WORK REQUIRED -
Within the listing below, the lines to output run from the one containing "чистка берега совком" through the one containing "Land Rover Range Rover 2024 — photo 16"; copy them exactly and nothing else.

DATASET EXCERPTS -
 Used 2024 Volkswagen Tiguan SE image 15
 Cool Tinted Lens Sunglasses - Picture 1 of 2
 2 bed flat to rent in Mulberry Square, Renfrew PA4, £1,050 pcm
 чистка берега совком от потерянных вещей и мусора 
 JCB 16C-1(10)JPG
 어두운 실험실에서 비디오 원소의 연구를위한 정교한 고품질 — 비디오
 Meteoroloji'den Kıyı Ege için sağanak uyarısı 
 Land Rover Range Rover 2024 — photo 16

==

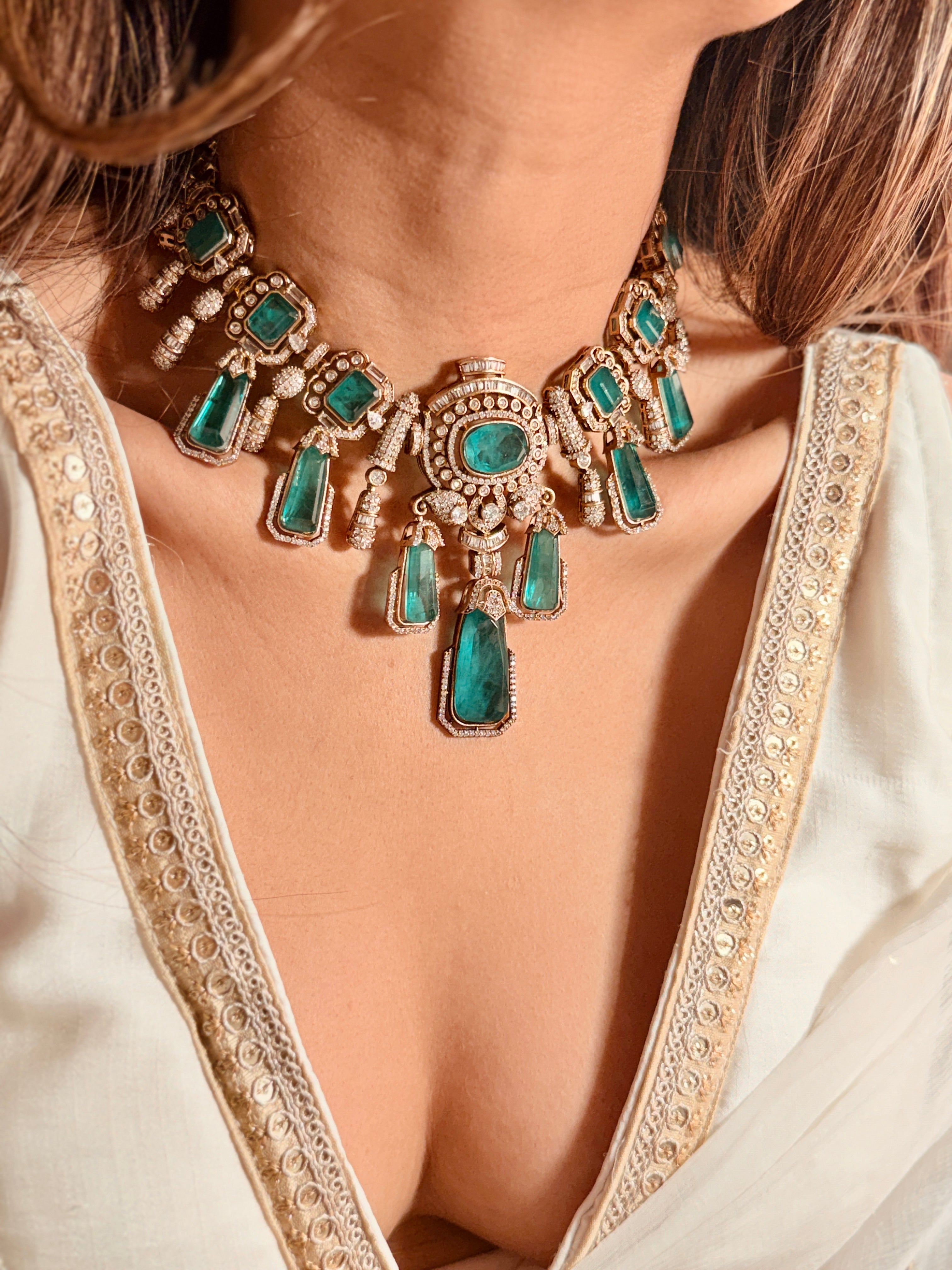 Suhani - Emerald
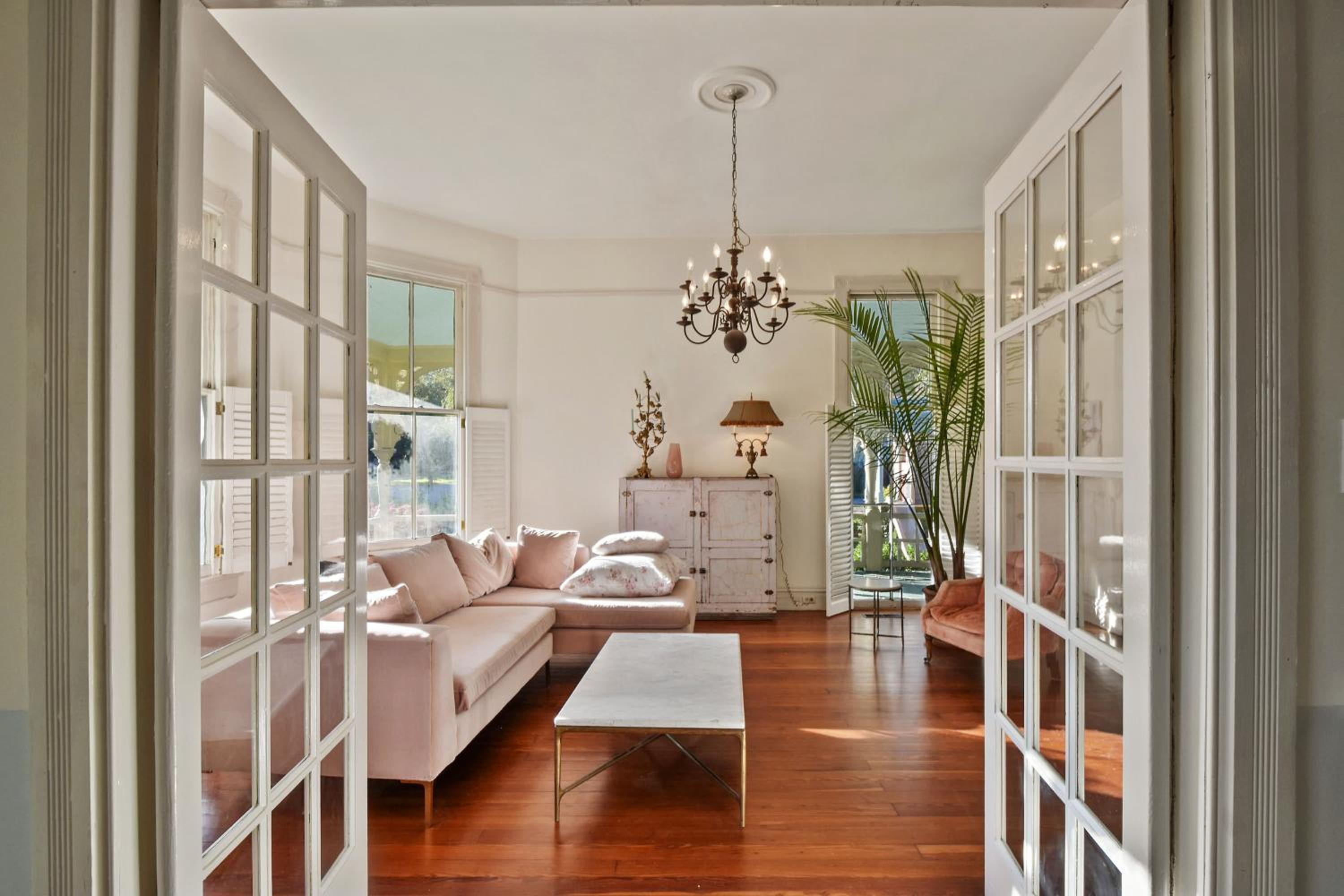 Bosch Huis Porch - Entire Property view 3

EXERCISE RESULT -
 чистка берега совком от потерянных вещей и мусора 
 JCB 16C-1(10)JPG
 어두운 실험실에서 비디오 원소의 연구를위한 정교한 고품질 — 비디오
 Meteoroloji'den Kıyı Ege için sağanak uyarısı 
 Land Rover Range Rover 2024 — photo 16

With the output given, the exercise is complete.